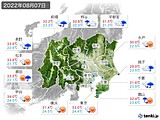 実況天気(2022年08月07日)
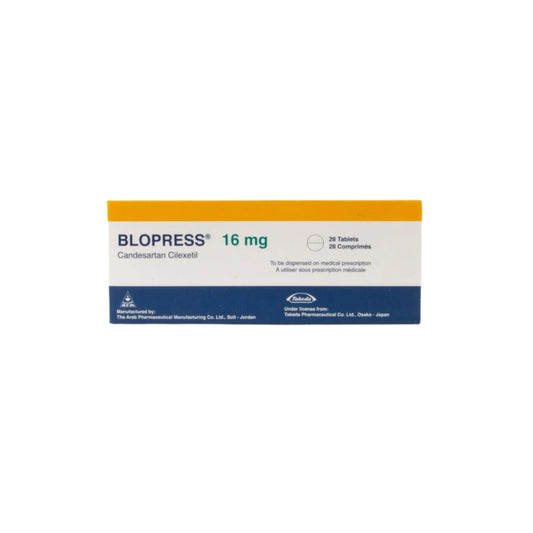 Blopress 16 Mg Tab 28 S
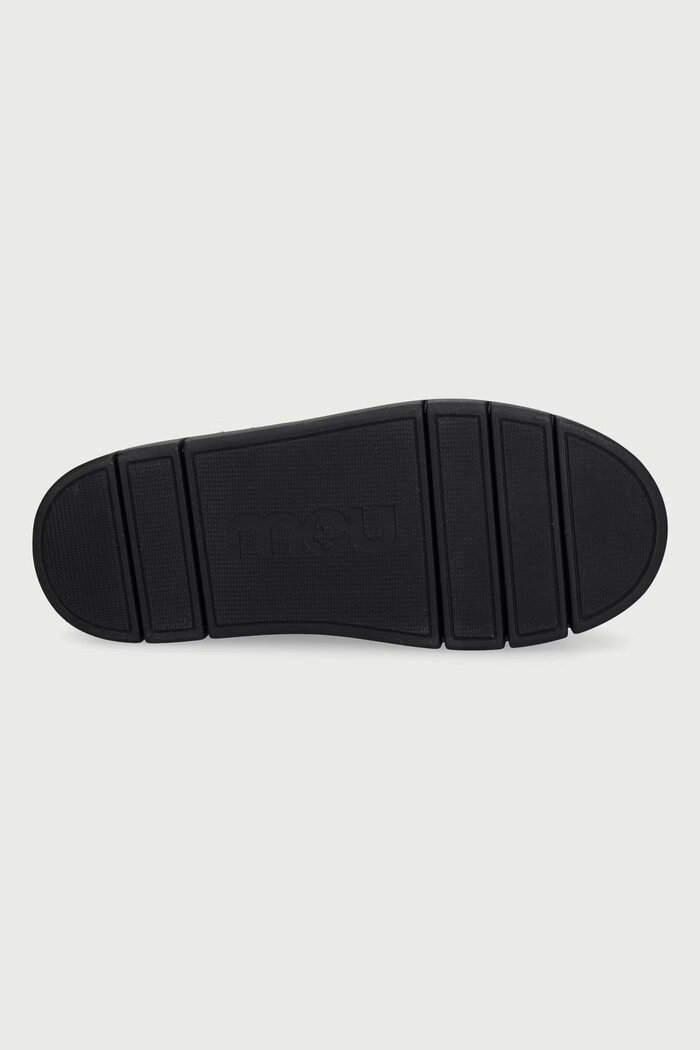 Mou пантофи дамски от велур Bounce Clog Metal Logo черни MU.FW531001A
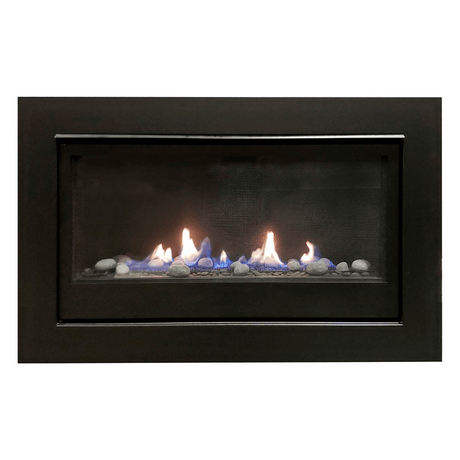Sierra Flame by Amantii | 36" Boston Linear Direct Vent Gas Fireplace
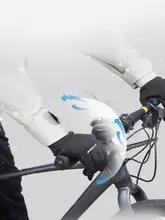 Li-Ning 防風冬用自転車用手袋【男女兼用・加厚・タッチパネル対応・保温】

::::

:: REQUIRED ACTION ::
Everything in the records should be repeated exactly except the images.

:: ANSWER SPACE ::
 実況天気(2022年08月07日)
 Blopress 16 Mg Tab 28 S
 Mou пантофи дамски от велур Bounce Clog Metal Logo черни MU.FW531001A
Sierra Flame by Amantii | 36" Boston Linear Direct Vent Gas Fireplace
 Li-Ning 防風冬用自転車用手袋【男女兼用・加厚・タッチパネル対応・保温】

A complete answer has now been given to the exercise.